Intermediate? Whazzat? Beginner/advanced, it's easy to tell: it's somebody that cannot/can dance. Up to there, things are simple. Binary logic. On/off. Good/bad. But intermediate? In my case, it's somewhere in between, but it's not at a fixed distance. It's oscillating around a medium position. Heisenberg uncertainty. Some steps work, most of them don't. With some followers everything goes smoothly, with most of them I keep fighting. And some days, even the steps that usually work, don't work. I can do a back sacada, and even lead one, but I cannot walk.
The cyber-tango site (http://www.cyber-tango.com/art/def.html) gives funny ways to identify beginners,
intermediates, intermediate-advanced (?), advanced, and professionals. Well, maybe not exactly funny, as the first three definitions are full of criticism, while the last exudes envy. And so, the author must be in the "advanced" section... The "intermediate" definitions goes:
Can walk and chew gum. Embracing arm is rigid, but partners are close enough
to perceive body lead. Embracing hand may be fixed in "fingers of death".
Clasped hand is usually relaxed, but still rotates with respect to frame. Posture is
upright, couple generally moving with following partner with her back to the LOD.
Leader knows how to maneuver in corners of dance floor, but either partner may
suddenly halt the dance to "discuss" the latest pattern just learned.
Cry: (lead) "Okay, NOW you do a back ocho..." (lead or follow) "Sorry!" (to partner)
Found: In Intermediate-Advanced classes, and stationary at any point on the floor
during the milonga or practica.
I fulfill 5 criteria out of 14:
Can walk and chew gum.
No (only walk)
Embracing arm is rigid,
but partners are close enough to perceive body lead.
No (I hate body contact, and keep my partners as far as possible.)
Embracing hand may be fixed in "fingers of death"
Clasped hand is usually relaxed,
but still rotates with respect to frame.
Posture is upright,
No (bent forward, hypnotized by my feet)
couple generally moving with following partner with her back to the LOD
No (her back to the wall, most of the time)
Leader knows how to maneuver in corners of dance floor,
but either partner may suddenly halt the dance to "discuss" the latest pattern just learned.
Cry: (lead) "Okay, NOW you do a back ocho..."
No ("Now, WAIT for my back sacada...")
(lead or follow) "Sorry!" (to partner)
Found: In Intermediate-Advanced classes,
No (beginner or pre-intermediate classes)
and stationary at any point on the floor during the milonga or practica.
No (because other dancers keep pushing me)
As I see it, the difference between my present status of Intermediate Leader, as opposed to the Clumsy Beginner I was one month ago, can be seen in the behaviour of the ladies with whom I (sort of) dance.

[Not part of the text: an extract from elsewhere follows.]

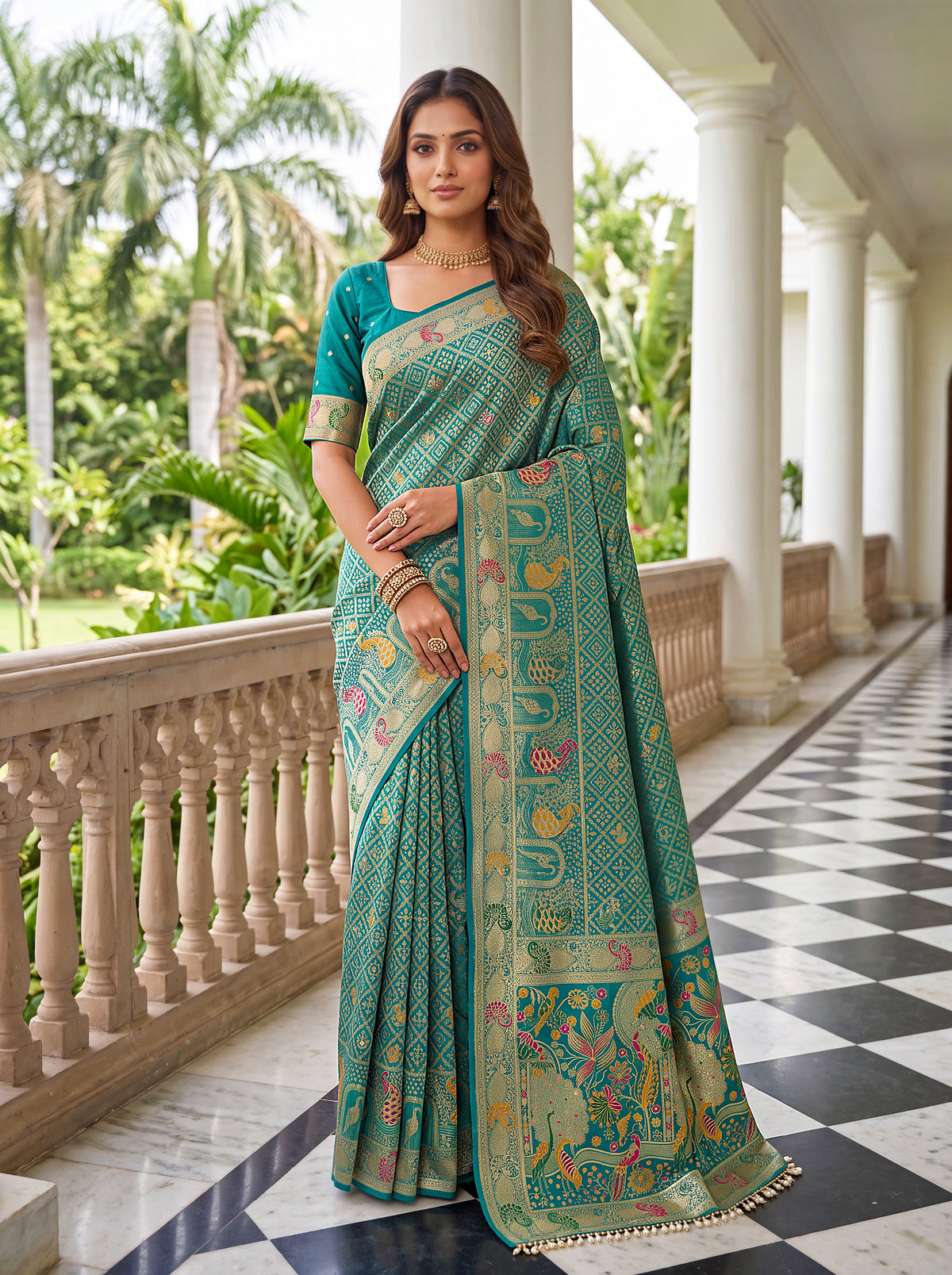 Designer Nylon Satin Saree with Zari Thread Weaving & Readymade Lace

First, by now
they sometimes accept my invitations: when the alternative is "not dancing" or "dancing with Pablo", I can see them thinking for a few seconds, balancing pros and cons. Before, the "No" came at light speed (reptilian brain taking control in case of immediate danger). Second, they "just follow" more often, they don't always try to help me by doing the steps by themselves.
This morning on the city TV channel, they said it takes eight years to become a (A.T.) leader. Eight years. How depressing...
From Fernando and Vilma’s (teachers in Buenos Aires) website:
When you are having a bad day, a good tango will make you realise that there are always worse days.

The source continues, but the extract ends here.